IN this contemporary world, the international law pervades every aspect of national, regional and international life entwining the matters relating to human welfare, ocean, environment, technology, religion, culture and finance, etc. The teaching and researching of international law are deemed as cornerstone to these projects. It is evident that in latter days, 'research' has acquired pivotal significance in the career of legal academics. The brewing surge of online blogs to analyse commentary on national and international affairs from legal viewpoint; and exchanging of intellectual views in social networks are stark examples. Hence, to delve into the orb of research is becoming more important than teaching. However, the junior faculties of law schools are entwined with various difficulties encompassing lack of academic resources, burden of administrative responsibilities and lastly, but no way the least, the meagre allotment of research time. Furthermore, there is no coordinated and seamless efforts to identify the challenges that are grappling law schools.
With an ambition to provide impetus in tandem with zeal to smooth the ruffled pitfalls through legal scholarship and research, the Centre for International Law (CIL), a research institute of National University of Singapore (NUS), makes an initiative to arrange a three-day event from 20-22 June 2018. This event has already marked a dragging line from that of any other legal academic engagements and workshops. This event of CIL is the very first of its own kind where a platform has been facilitated to engage junior and learned senior legal scholars of Africa, Asia, Europe and Latin America into the whirlpool of vital topics which includes not only teaching methods, course materials, legal research skill, development and publication issues; but also encompasses the thought provoking issues such as serious intellectual exploitation of junior faculty by the senior faculty members.
The event has brought approximately 130 law academics, dean of law schools, law journal editors and beginner scholars to make panel discussions; presentations regarding ongoing research projects and open discussions as to recent brewing developments in the realm of international law. The event of the CIL has churned out an opportunity for junior faculties and emerging scholars to present their works in front of the senior experienced scholars.
Professor Antony T Anghie, renowned scholar of International Law and Secretary General of the Asian Society of International Law (AsianSIL) remarks that the CIL's event prefers to mainly those who are beginner scholars and junior faculty members. The reason is that they are future and definitely the event would pave thoroughfare for them to know the fundamental of presenting an argument or to defense a research paper.
The whole event can be bucketed into two programmes: Junior faculty workshop (June 20) and 'Teaching and Researching International Law in Asia' (TRILA) Conference (June 21-22).
In workshop, most of the senior professors and researchers, who contributed their valuable commentaries, are masthead of law journals' editorial team. Their direct discussion towards the paper presenters as well as exchange of views with other participants would surely instigate a fervour for engaging to research activities.

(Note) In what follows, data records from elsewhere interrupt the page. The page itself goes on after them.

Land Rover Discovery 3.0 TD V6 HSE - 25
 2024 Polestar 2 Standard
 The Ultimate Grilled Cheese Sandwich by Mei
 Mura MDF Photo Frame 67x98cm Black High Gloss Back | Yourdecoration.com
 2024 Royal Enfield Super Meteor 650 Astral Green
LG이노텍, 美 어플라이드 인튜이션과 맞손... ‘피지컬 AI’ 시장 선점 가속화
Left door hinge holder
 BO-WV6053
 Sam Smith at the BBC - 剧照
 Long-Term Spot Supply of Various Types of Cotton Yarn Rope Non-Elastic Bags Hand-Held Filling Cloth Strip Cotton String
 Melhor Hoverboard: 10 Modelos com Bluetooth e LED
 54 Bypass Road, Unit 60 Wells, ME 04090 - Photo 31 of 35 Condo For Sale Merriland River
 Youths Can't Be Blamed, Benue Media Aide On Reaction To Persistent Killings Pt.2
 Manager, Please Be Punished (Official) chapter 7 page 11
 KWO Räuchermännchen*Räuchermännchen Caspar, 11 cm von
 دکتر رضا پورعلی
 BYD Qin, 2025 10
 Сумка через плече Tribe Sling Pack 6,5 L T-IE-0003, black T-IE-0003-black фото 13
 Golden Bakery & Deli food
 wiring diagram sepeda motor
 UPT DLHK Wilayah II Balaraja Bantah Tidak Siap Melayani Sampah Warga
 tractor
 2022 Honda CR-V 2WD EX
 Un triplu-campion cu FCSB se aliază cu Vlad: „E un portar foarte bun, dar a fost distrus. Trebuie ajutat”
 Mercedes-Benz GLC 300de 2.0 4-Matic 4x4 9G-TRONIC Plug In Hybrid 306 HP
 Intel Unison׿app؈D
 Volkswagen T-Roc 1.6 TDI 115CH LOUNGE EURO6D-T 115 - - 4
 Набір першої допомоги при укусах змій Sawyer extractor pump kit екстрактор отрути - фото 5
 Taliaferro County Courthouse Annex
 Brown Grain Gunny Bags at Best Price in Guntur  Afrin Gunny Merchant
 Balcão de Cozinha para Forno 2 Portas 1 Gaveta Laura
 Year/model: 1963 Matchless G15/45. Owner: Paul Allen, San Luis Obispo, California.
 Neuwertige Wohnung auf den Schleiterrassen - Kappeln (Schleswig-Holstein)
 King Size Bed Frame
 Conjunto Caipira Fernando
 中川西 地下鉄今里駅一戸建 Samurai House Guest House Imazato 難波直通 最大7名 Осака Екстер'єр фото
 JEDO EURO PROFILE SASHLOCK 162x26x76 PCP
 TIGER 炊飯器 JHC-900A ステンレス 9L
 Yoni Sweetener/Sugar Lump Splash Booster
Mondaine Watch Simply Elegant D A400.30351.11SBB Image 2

The TRILA conference directed at exploring the challenges that junior faculty members confront at the outset of their career in establishing themselves as teachers and in developing a scholarly agenda. Professor BS Chimni, a legal scholar of South Asia, opines in the conference that in law schools of South Asia, critical perspectives are not taking seriously in the pedagogic system. Though many critical theories had been articulated by Asian scholars and academics, we the researchers of international law tend to rely mostly on the western books such as Malcolm Shaw's International Law. Professor Chimni urges the junior scholar to take the critical perspective to the classroom. Dr. M Shahabuddin, a Reader in International Law at Birmingham Law School, also points out the appalling absence of vibrant legal community. Professor Anghie urges beginner scholars and junior faculties to delve into reading outside the orb of their expertise and to read articles critically for their structure and presentations.
THE WRITER IS A PhD CANDIDATE, TEXAS TECH UNIVERSITY, USA.